▶ **Exercise prompt**
The answer must reproduce exactly the lines from the one with "阿马多拉Santos Mattos Guesthouse" through the end of the material, and it must contain no pictures.

▶ **Given information**
============

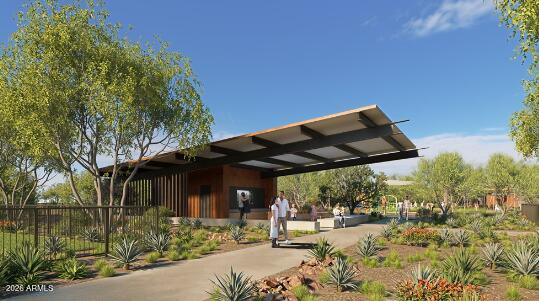 1959 West Caleb Road Phoenix, AZ 85085 - Photo 21 of 23 a patio with a table and chairs under an umbrella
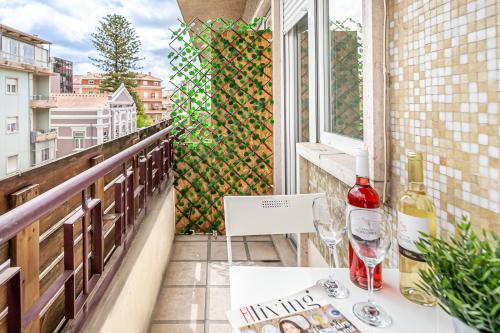 阿马多拉Santos Mattos Guesthouse & Apartments by Lisbon with Sintra的阳台配有桌子和两杯葡萄酒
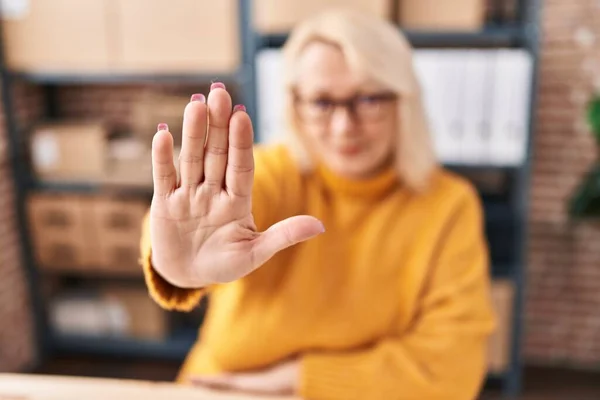 Middle age blonde woman ecommerce business worker doing stop gesture with hands at office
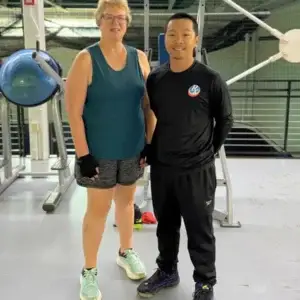Personal trainer standing with older female client inside fitness center.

============

▶ **Finished task**
 阿马多拉Santos Mattos Guesthouse & Apartments by Lisbon with Sintra的阳台配有桌子和两杯葡萄酒
 Middle age blonde woman ecommerce business worker doing stop gesture with hands at office
Personal trainer standing with older female client inside fitness center.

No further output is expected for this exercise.